Given records:
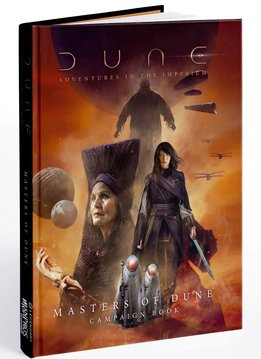 Dune RPG: Masters of Dune (HC)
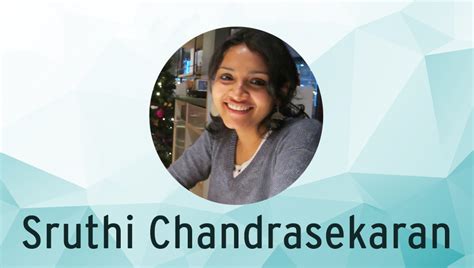 sruthi chandrasekaran women deliver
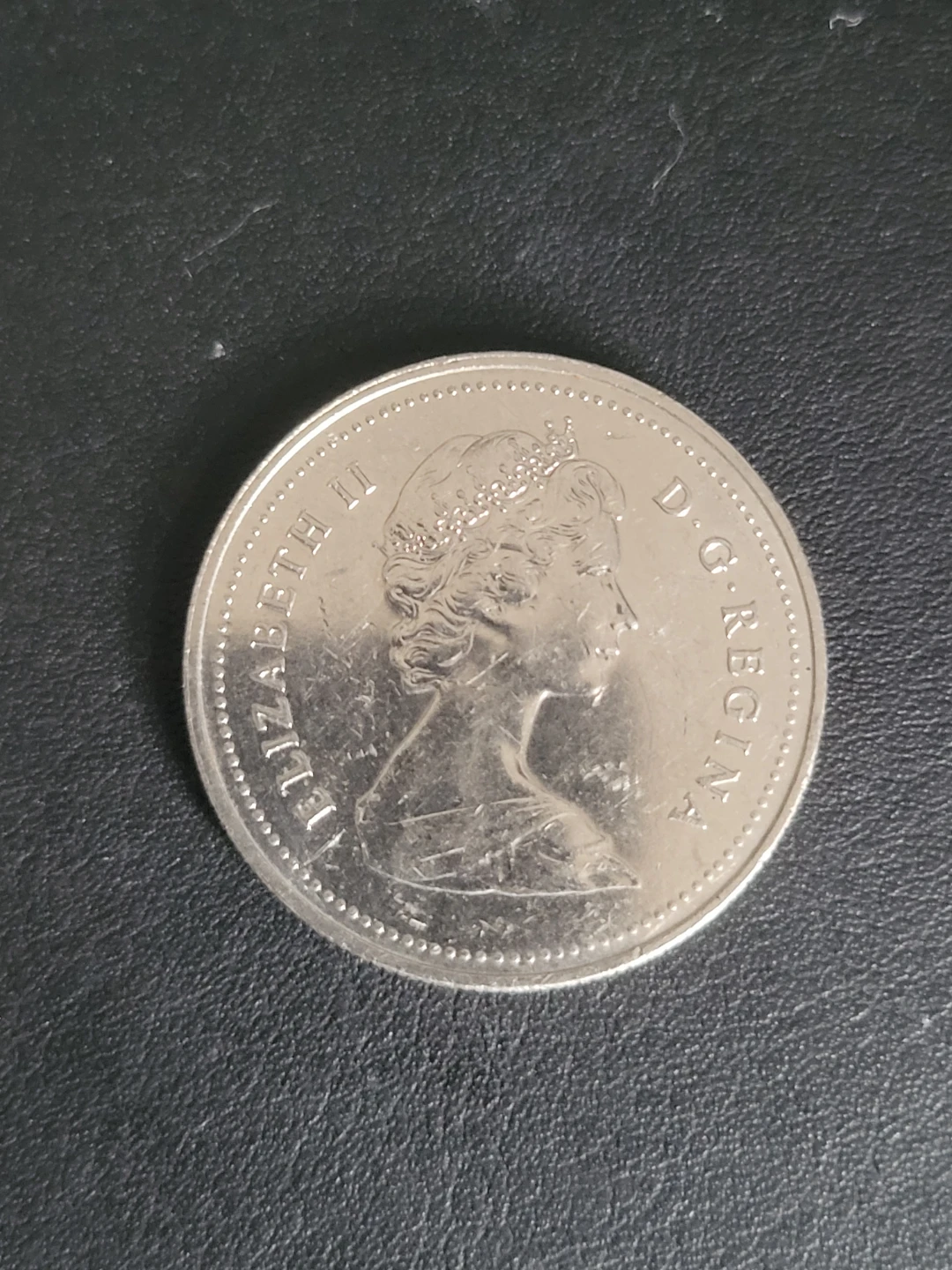 1980 Canada Dollar Coin - photo 2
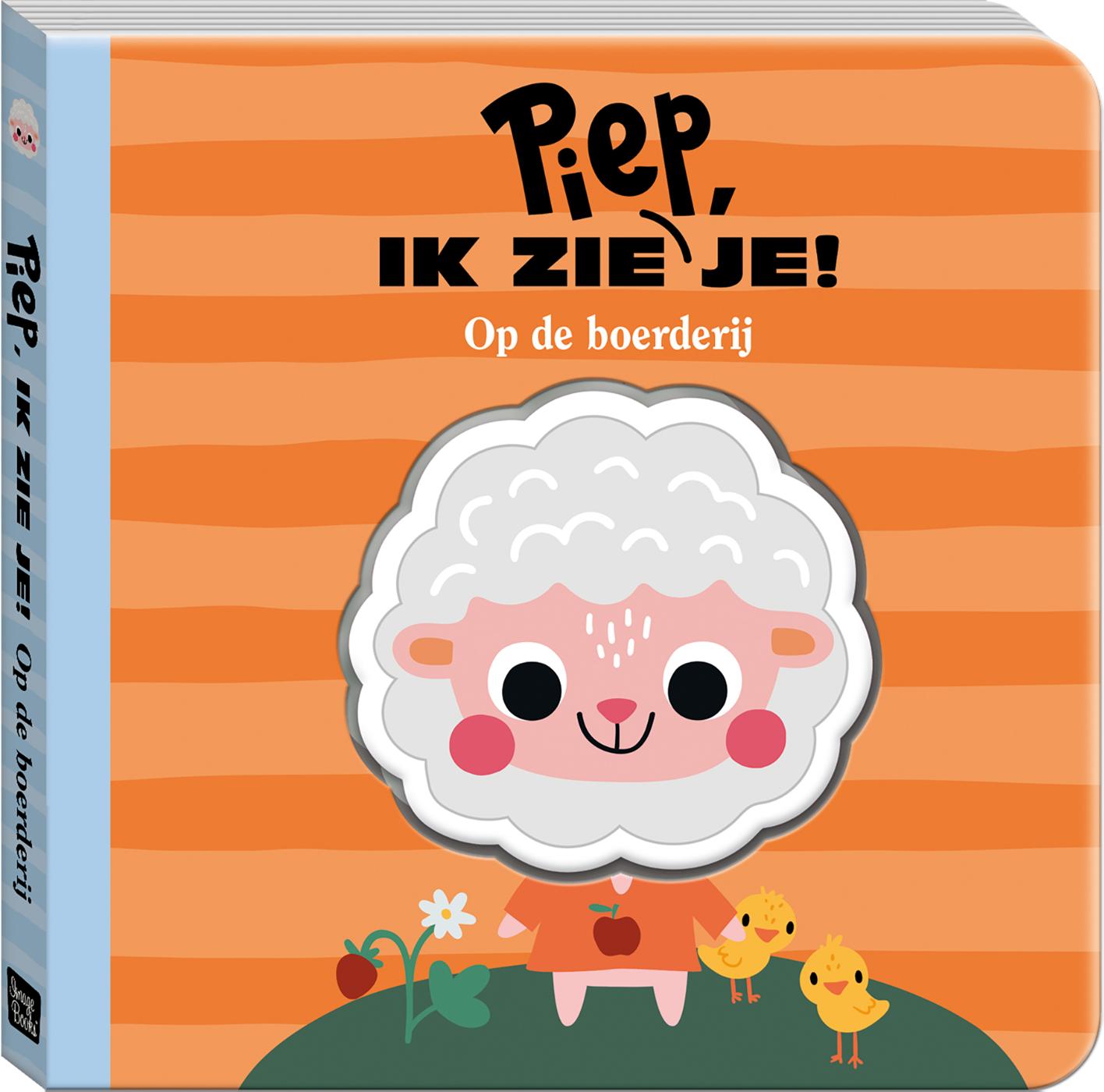 Omslag van Piep - ik zie je! - Op de boerderij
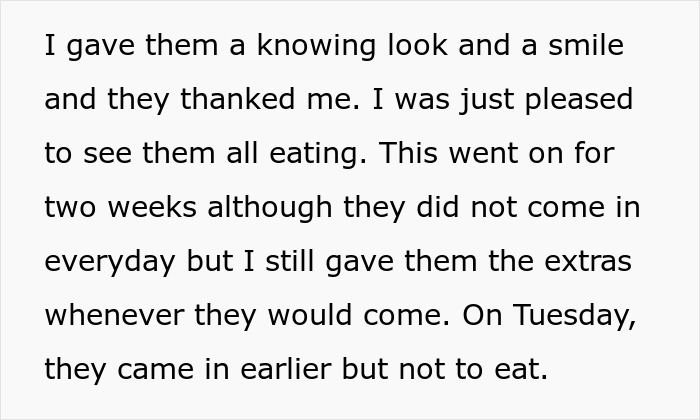 This Man’s Colleague Keeps Silent When A Man Gives Extra Food To A Family In Need, But Later Uses It Against Him This Man’s Colleague Keeps Silent When A Man Gives Extra Food To A Family In Need, But Later Uses It Against Him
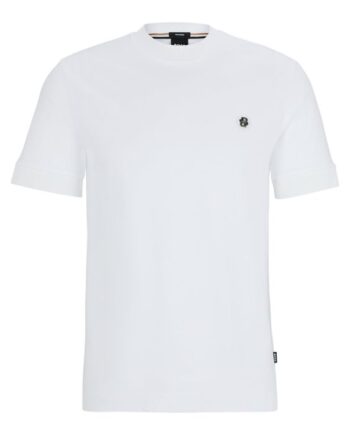 BOSS T-Shirt med B-monogram - Stilfuld til hverdag og fest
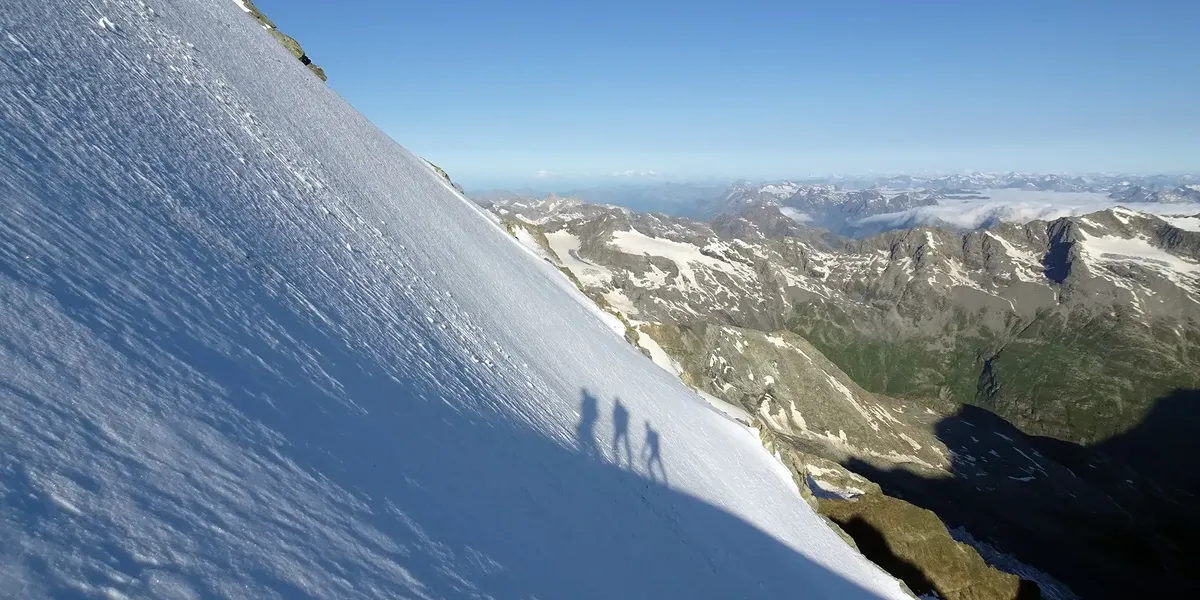 Piz Bernina - Biancograt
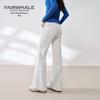 Mark Fairwhale Women's High-Waist Micro-Flare Sweatpants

Assigned task:
The answer must be an exact transcription of the lines from the one holding "Omslag van Piep" to the last line of the entries above, with no pictures and nothing else.

Response:
 Omslag van Piep - ik zie je! - Op de boerderij
 This Man’s Colleague Keeps Silent When A Man Gives Extra Food To A Family In Need, But Later Uses It Against Him This Man’s Colleague Keeps Silent When A Man Gives Extra Food To A Family In Need, But Later Uses It Against Him
 BOSS T-Shirt med B-monogram - Stilfuld til hverdag og fest
 Piz Bernina - Biancograt
 Mark Fairwhale Women's High-Waist Micro-Flare Sweatpants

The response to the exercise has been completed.